第20話「100万1回目」

 けたたましいアラームの音が鳴り響く。微睡まどろみの中、無意識に目覚ましを止めようと、腕を動かす。

 ムニュッとした柔らかさが掌に伝わる。何度も死線を潜り抜けてきた俺の危機管理能力が、ワーニンワーニン言っている。だが、眠気には勝てず、再び意識は溶けていく。


 結局、目覚めたのは10時過ぎになってしまった。だが、疲労がピークに達していたので、仕方がない。

 折角の休日だったのに関わらず、俺は高校に行った。そこから葉月さんと喫茶店に行って、その後刺されかけて、レヴェナントにリンチされて、骸骨男に腹部と頸部を刺されて、危ない薬を使って、義姉あねに殴られて、最後に可憐と映画を見た。

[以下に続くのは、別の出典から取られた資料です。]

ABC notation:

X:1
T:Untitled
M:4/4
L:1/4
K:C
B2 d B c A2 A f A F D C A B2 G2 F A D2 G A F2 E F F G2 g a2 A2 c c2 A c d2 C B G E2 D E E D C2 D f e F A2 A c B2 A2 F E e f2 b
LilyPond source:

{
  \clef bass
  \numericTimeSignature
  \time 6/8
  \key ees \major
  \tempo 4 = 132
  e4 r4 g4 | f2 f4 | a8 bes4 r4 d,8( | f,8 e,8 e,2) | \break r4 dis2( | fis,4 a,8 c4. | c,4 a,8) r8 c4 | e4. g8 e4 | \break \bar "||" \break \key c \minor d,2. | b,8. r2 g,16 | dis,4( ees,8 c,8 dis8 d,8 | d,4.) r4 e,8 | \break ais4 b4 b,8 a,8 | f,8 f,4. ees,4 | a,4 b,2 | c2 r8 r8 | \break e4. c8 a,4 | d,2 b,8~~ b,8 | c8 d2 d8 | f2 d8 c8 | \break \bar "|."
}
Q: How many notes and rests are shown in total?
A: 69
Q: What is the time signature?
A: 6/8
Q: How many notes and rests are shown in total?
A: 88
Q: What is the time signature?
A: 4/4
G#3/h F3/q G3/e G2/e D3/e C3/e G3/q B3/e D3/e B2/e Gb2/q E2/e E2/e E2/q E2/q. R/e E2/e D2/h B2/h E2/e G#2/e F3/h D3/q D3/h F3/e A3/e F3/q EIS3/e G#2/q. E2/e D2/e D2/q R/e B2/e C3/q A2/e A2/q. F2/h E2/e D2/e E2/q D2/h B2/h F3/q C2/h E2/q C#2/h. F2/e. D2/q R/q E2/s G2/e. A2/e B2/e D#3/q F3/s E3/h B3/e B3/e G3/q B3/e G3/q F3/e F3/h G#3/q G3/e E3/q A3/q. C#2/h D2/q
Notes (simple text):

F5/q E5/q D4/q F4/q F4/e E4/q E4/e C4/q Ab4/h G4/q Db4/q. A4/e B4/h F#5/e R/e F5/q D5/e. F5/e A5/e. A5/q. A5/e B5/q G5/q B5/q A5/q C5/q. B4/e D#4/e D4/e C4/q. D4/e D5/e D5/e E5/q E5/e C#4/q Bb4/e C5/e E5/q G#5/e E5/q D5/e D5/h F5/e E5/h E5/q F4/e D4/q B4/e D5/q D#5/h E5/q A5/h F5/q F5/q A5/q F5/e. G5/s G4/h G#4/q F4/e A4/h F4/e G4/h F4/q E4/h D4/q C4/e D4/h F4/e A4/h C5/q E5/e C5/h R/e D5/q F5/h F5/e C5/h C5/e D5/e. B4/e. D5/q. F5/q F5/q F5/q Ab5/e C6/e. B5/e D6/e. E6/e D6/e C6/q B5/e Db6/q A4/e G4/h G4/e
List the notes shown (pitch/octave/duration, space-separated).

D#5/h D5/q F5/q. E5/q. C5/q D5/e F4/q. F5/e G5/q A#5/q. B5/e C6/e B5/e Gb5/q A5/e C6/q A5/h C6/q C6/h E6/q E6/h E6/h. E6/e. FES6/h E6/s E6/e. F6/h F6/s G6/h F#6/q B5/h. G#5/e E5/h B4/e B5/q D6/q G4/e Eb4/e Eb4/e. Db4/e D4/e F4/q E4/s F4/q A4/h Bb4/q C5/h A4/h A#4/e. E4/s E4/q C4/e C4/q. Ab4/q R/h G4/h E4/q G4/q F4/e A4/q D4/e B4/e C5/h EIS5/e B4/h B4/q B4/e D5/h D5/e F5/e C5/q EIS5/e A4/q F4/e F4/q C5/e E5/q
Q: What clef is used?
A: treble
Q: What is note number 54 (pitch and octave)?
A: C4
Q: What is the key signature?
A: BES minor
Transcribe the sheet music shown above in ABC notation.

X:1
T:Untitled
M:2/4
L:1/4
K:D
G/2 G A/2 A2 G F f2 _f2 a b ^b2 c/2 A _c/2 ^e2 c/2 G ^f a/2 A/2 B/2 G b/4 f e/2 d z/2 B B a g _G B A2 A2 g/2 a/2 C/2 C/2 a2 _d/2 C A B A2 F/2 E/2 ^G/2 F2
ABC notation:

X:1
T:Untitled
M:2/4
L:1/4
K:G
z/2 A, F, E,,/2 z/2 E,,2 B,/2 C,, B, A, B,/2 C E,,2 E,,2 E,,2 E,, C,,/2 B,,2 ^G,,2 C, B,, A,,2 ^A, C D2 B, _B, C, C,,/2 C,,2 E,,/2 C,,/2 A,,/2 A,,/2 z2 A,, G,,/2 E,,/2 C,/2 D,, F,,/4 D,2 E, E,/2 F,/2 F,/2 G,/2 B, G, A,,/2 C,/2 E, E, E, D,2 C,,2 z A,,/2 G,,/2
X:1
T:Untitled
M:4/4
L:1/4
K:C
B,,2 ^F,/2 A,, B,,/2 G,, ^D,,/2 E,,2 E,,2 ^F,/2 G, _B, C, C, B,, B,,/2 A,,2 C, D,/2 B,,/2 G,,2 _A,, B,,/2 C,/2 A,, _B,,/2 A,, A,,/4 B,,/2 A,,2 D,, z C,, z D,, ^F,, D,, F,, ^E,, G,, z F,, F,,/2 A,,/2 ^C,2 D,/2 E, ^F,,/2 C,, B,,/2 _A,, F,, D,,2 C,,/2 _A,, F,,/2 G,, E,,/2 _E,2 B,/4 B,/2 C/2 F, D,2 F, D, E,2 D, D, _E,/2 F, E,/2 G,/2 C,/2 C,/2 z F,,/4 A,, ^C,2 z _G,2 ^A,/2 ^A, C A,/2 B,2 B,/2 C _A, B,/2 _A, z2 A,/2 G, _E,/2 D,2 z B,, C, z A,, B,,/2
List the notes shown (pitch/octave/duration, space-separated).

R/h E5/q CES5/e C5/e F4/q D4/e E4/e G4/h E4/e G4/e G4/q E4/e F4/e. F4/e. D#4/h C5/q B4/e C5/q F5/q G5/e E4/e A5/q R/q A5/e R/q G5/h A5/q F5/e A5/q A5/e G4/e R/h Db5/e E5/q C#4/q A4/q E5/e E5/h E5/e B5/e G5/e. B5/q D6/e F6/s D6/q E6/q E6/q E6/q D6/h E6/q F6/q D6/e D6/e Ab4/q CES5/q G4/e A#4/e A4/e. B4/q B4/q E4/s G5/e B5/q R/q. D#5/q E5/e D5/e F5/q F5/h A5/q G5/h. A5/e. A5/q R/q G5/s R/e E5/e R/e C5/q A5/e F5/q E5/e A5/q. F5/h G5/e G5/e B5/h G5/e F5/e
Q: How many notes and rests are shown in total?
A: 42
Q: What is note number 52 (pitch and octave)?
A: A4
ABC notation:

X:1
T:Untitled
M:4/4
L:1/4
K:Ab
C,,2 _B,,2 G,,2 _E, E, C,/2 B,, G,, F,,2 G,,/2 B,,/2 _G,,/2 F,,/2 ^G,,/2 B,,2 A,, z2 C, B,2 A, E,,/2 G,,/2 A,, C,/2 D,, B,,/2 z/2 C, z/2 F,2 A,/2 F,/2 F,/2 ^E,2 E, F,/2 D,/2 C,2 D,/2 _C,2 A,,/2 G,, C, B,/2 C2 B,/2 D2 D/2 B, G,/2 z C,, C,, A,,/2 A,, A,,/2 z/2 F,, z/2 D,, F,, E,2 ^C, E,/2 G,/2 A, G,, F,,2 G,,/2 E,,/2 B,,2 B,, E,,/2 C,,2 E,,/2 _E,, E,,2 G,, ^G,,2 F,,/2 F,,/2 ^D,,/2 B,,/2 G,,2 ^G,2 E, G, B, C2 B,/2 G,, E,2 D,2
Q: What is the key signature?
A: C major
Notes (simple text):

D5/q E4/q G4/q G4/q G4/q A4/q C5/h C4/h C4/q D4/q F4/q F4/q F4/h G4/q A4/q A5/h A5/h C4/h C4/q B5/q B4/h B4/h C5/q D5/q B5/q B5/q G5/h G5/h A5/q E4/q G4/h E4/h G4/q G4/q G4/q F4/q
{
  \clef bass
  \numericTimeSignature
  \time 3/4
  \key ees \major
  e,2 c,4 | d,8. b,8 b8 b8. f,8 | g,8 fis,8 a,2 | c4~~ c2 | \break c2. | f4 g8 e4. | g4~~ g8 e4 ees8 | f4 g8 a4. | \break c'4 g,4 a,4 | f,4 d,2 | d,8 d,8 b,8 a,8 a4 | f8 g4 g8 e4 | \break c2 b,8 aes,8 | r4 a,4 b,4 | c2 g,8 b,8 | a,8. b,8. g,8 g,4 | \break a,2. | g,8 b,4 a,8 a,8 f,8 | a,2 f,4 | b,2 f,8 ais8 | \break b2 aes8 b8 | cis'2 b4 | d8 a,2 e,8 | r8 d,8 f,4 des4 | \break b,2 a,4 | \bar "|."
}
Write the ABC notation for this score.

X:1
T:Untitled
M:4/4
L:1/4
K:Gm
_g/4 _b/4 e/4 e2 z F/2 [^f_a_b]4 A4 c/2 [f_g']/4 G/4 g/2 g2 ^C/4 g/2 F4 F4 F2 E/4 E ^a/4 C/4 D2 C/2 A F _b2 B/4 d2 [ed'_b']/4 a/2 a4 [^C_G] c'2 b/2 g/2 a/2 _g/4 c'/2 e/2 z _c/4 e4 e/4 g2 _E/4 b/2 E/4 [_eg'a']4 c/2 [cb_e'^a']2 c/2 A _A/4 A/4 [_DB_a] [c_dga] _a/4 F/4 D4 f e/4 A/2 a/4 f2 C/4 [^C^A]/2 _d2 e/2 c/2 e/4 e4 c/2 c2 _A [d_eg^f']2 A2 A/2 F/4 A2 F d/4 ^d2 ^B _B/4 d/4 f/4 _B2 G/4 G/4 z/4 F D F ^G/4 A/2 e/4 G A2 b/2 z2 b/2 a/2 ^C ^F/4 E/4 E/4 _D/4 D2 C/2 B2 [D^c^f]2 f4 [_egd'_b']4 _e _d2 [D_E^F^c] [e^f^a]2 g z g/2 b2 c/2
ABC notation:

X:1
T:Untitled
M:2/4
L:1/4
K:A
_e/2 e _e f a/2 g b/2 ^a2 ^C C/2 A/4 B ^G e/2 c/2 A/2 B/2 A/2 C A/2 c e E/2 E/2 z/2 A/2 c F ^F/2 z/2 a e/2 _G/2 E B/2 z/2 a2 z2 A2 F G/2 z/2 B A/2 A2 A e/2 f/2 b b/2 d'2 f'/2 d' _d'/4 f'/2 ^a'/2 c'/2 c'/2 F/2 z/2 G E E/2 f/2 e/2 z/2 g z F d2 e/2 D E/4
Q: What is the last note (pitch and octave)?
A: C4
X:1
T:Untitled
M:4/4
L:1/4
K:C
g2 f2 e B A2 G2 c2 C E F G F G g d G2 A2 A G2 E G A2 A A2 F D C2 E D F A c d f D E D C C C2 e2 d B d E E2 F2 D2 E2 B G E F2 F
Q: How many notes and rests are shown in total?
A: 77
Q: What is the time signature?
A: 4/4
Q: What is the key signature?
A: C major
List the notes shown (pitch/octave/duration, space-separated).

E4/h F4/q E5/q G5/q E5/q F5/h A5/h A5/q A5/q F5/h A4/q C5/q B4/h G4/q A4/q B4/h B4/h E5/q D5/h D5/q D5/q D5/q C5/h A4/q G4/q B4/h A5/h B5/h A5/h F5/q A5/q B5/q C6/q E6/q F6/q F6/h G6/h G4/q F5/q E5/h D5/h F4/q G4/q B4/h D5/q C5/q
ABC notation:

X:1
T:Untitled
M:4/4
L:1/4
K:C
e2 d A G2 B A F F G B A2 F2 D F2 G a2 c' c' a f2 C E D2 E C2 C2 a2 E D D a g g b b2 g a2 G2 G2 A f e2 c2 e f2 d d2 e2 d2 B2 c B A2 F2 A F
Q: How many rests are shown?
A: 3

 なんだこの休日は……。我ながら休みの才能がなさすぎる。

 まあ、可愛い女の子と喫茶店と、可愛い女の子と映画鑑賞とで、真っ黒なバイオレンスを挟んでいるから、オセロなら真っ白になるはずだ。

 色が変わらないぞ?なんでだろうな……。


 寝ぼけた頭でオセロの奥深さを感じながら、スマホに目を通す。LINEの通知が999+。また育てすぎてしまった。

 とりあえず、+だけでも消そうとLINEを開く。レベル上げに熱心な可憐さんを見なかったことにして、見慣れぬアイコンのトーク画面をタッチする。


 葉月さんから届いたメッセージを読む。昨日は無事に家に帰れたこと、今のところIEAも警察も葉月さんにコンタクトを取ってきていないこと、それから俺への感謝の言葉が綴られていた。

 真司さんが上手くごまかしてくれたのだろう。だから、死体の件はまだ大丈夫のはずだ。

 ただ、援交しようとしたおじさんに手をかけてしまったことをどう隠すべきか。葉月さんには、どこに死体を隠したのか、聞かないといけない。

 とりあえず、今は俺の頭が回っていないので、その場凌ぎのくまさんスタンプを押した。くまさんが、鮭の死体をタンスにしまっているスタンプだ。


 そして、999+の担い手である可憐のトーク画面を開く。それを見た瞬間、声が漏れそうになってしまった。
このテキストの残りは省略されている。